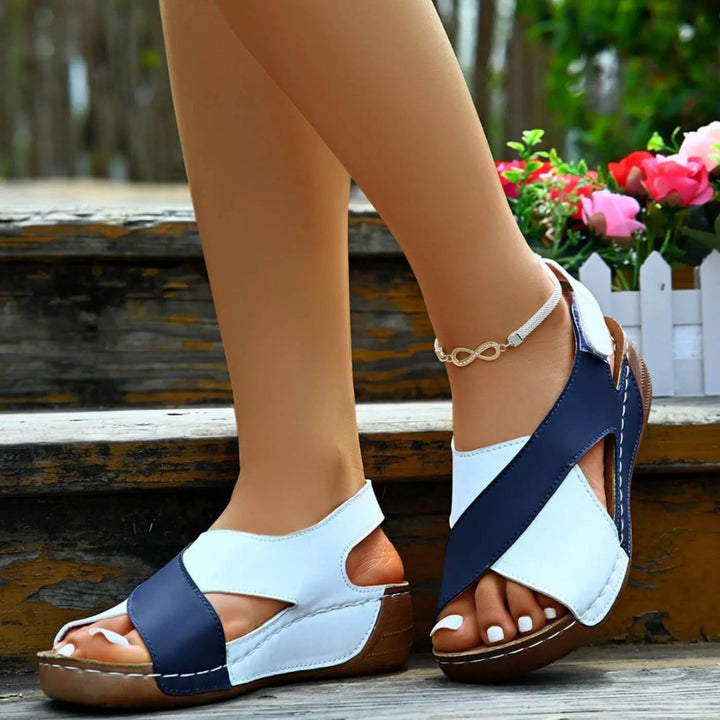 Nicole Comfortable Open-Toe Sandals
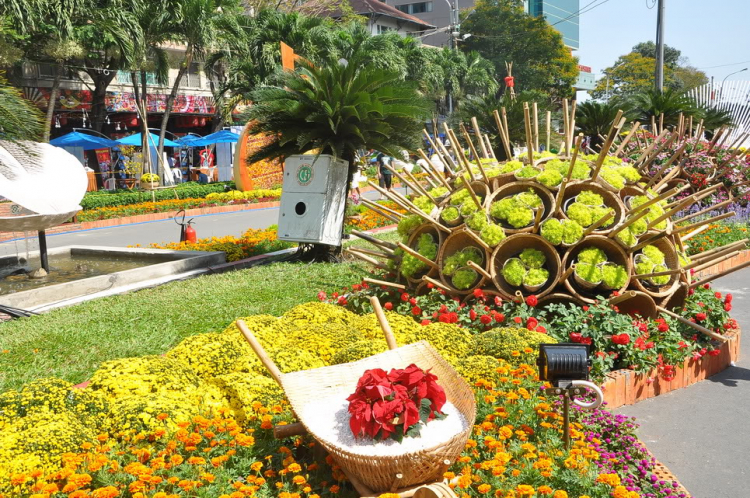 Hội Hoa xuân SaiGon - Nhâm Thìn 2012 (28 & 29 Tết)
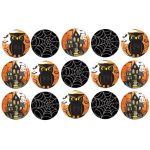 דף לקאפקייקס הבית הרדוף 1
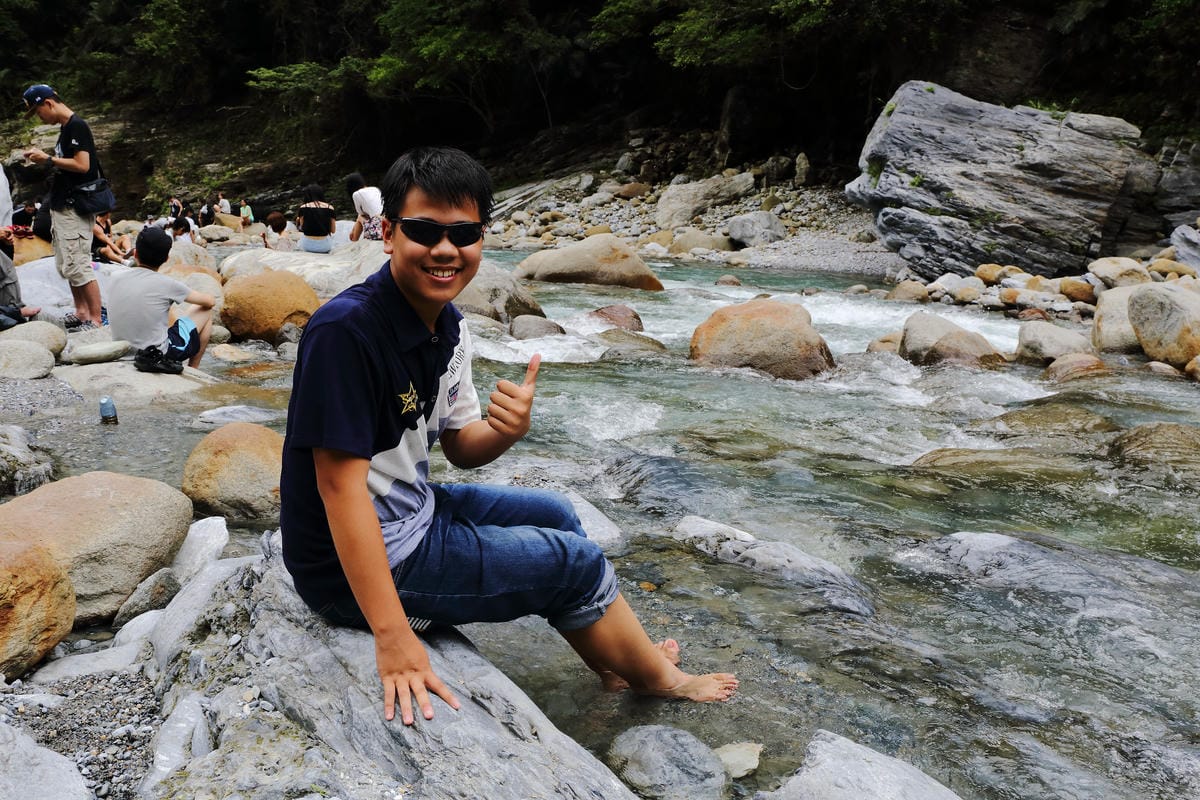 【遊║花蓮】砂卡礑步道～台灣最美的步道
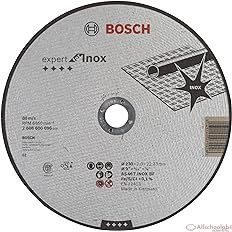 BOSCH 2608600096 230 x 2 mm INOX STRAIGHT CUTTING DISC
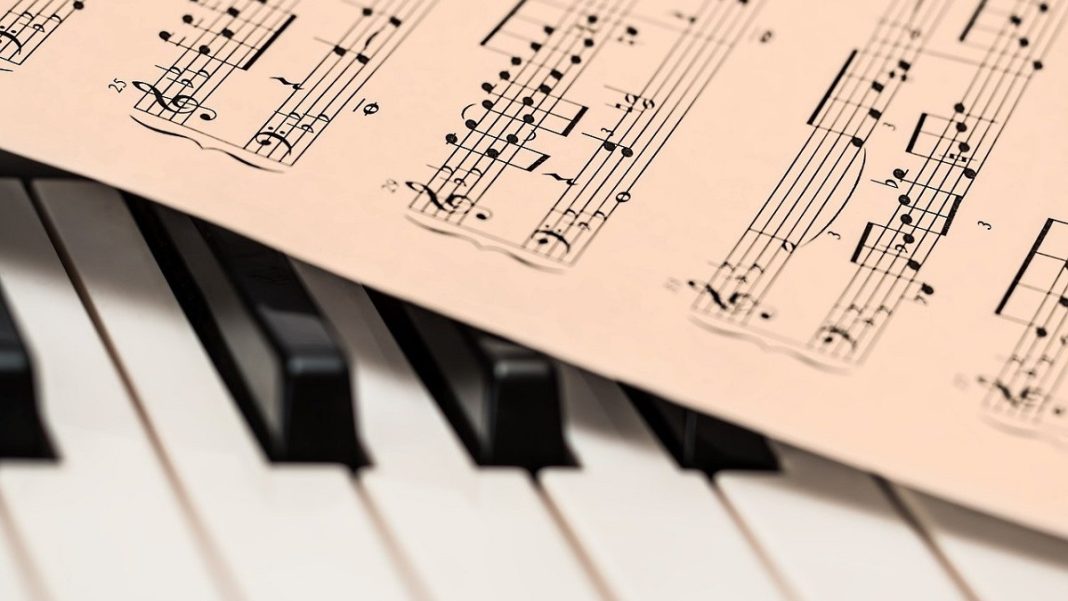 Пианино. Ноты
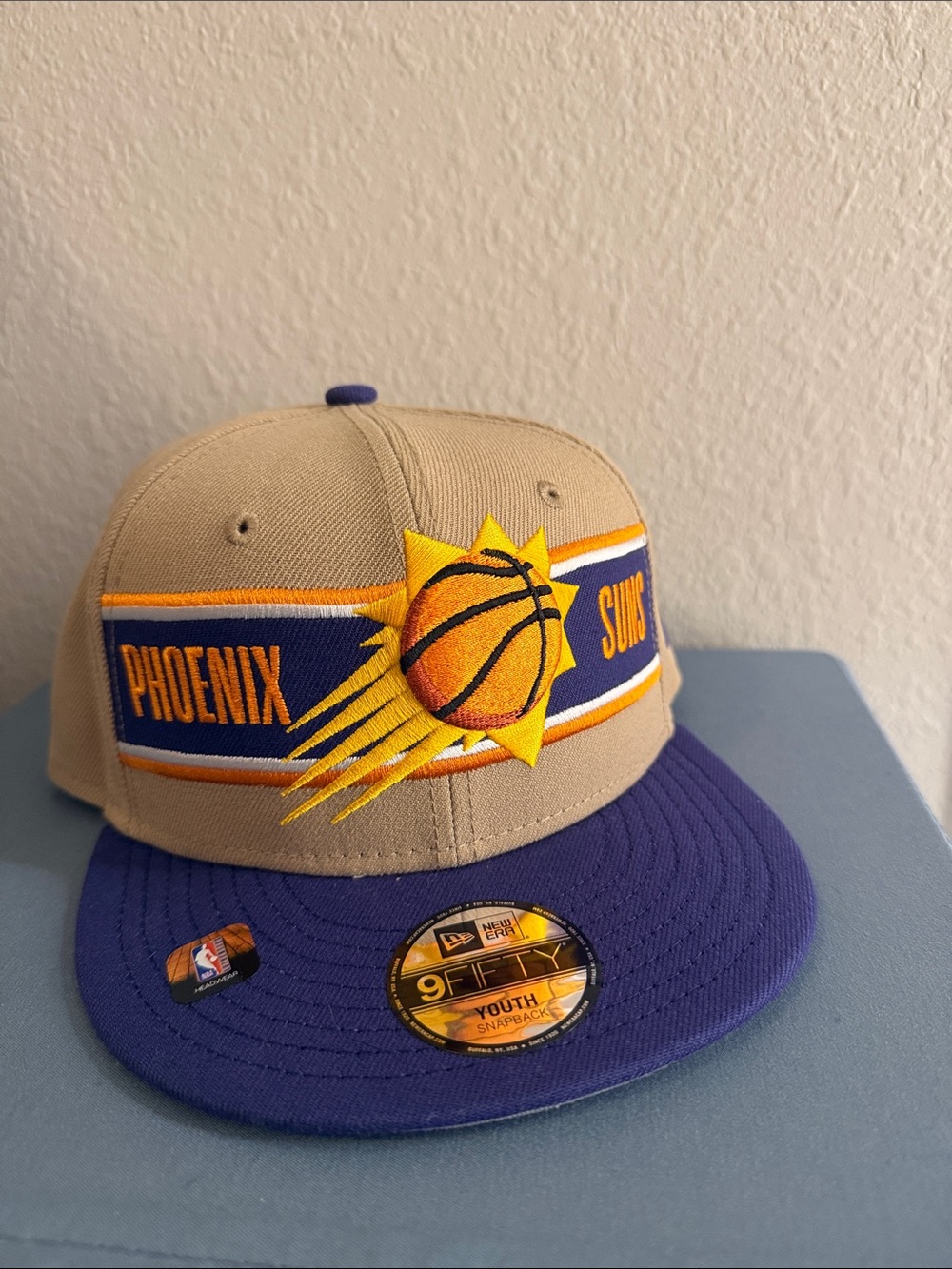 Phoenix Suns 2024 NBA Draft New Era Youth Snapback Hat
━━━━━━━━━━━━━━━━━━━━
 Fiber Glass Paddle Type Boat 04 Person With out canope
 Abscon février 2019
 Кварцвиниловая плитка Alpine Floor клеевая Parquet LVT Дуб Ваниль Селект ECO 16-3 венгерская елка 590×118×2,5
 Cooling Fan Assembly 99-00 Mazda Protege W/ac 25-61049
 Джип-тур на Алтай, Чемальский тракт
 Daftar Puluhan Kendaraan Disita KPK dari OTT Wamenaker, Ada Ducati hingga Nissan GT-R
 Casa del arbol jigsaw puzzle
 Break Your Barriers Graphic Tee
━━━━━━━━━━━━━━━━━━━━
# What the task requires:
With pictures excluded, reproduce exactly the lines above from the one containing "Nicole Comfortable Open-Toe Sandals" down to the one containing "Phoenix Suns 2024", those two included.

# Reply to the task:
 Nicole Comfortable Open-Toe Sandals
 Hội Hoa xuân SaiGon - Nhâm Thìn 2012 (28 & 29 Tết)
 דף לקאפקייקס הבית הרדוף 1
 【遊║花蓮】砂卡礑步道～台灣最美的步道
 BOSCH 2608600096 230 x 2 mm INOX STRAIGHT CUTTING DISC
 Пианино. Ноты
 Phoenix Suns 2024 NBA Draft New Era Youth Snapback Hat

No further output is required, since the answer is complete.